Podcast: Medellín’s Missing Bodies

Oct 29, 2015
9:00 AM
Medellín, the second-largest city in Colombia (jduquetr)

Medellín, the second-largest city in Colombia (seth pipkin)

As the people of Colombia wait to see if Pres. Juan Manuel Santos and the Marxist-Leninist guerrilla group Fuerzas Armadas Revolucionarias de Colombia reach a peace deal that will bring an end to one of the world’s oldest conflicts, many are still hoping to discover the whereabouts of the over 90,000 Colombians who have gone missing during the half-century of war.

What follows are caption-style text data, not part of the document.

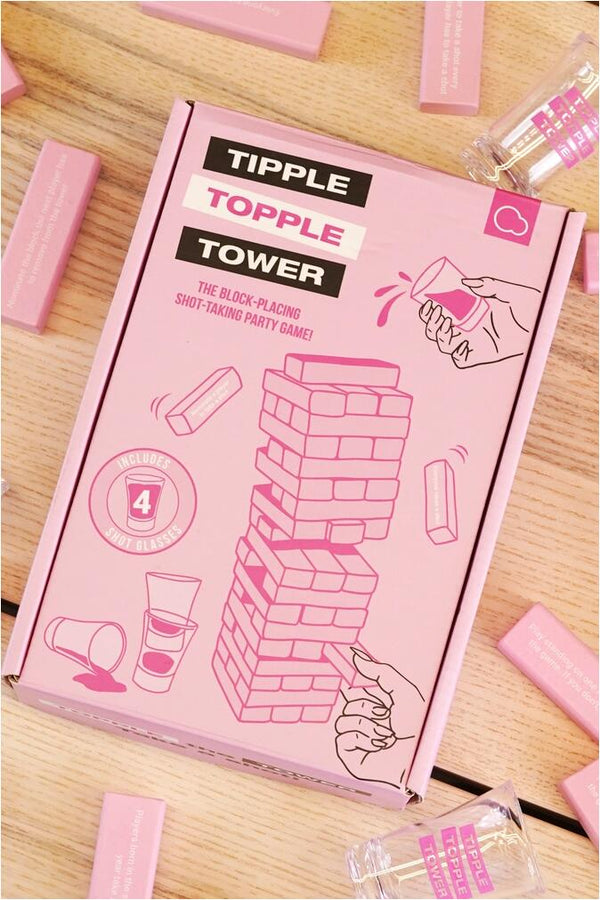 Bubblegum Stuff Spill Tipple topple Tower rosa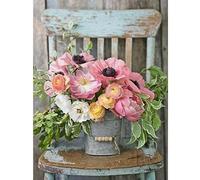 NAHUIGOOD Punto De Cruz Principiantes Flores Vintage 11Ct40X50Cm Kit Bordado Cuadros En Punto De Cruz Kit Punto De Cruz Tela Impresa Cuadros De Punto De Cruz Punto De Cruz Para Hacer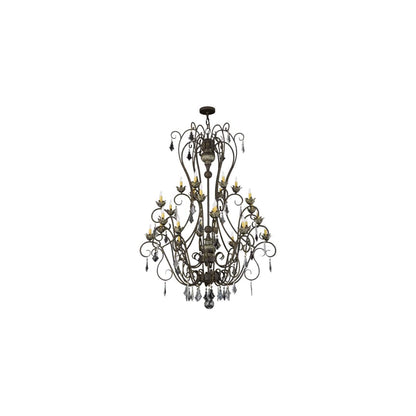Felicia 24 Light 51" Wide Taper Candle Style Chandelier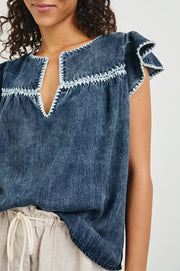 Rails Tafia Tencel Denim Top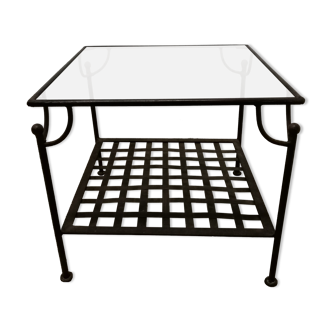 Wrought-iron coffee table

Journalist Jessica Diaz-Hurtado talks to a woman looking for her husband in the most recent episode of Latin American Radio Dispatch, a podcast produced by the Latin American News Dispatch.

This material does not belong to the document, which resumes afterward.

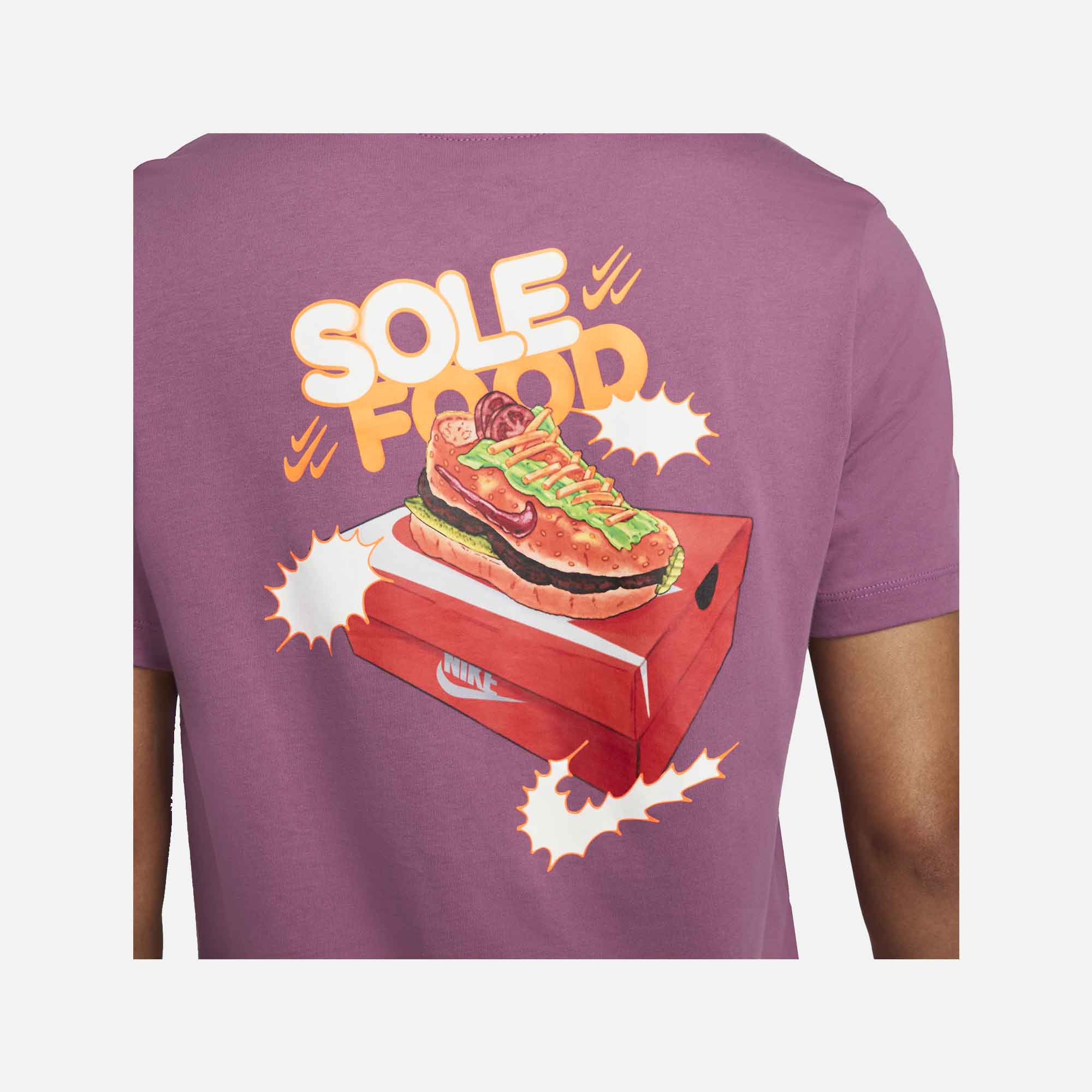 Nike | NSW T-SHIRT { LIGHT BORDEAUX - view 2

Medellín, like many towns in Colombia, is a city of two different narratives: one of innovation and bustling, and the other of kidnappings, military operations, and massacres.

Comuna 13, the most violent neighborhood of the city, is a part of the second narrative. Rebels, paramilitaries and the army fought a high-intensity war in the shantytown until recently. Families were forced to leave their homes; women were raped; young men tortured, dismembered, and disappeared. There dead bodies were usually thrown at La Escombrera, a 37-acre dump that symbolizes the cruelty of Medellín’s violence.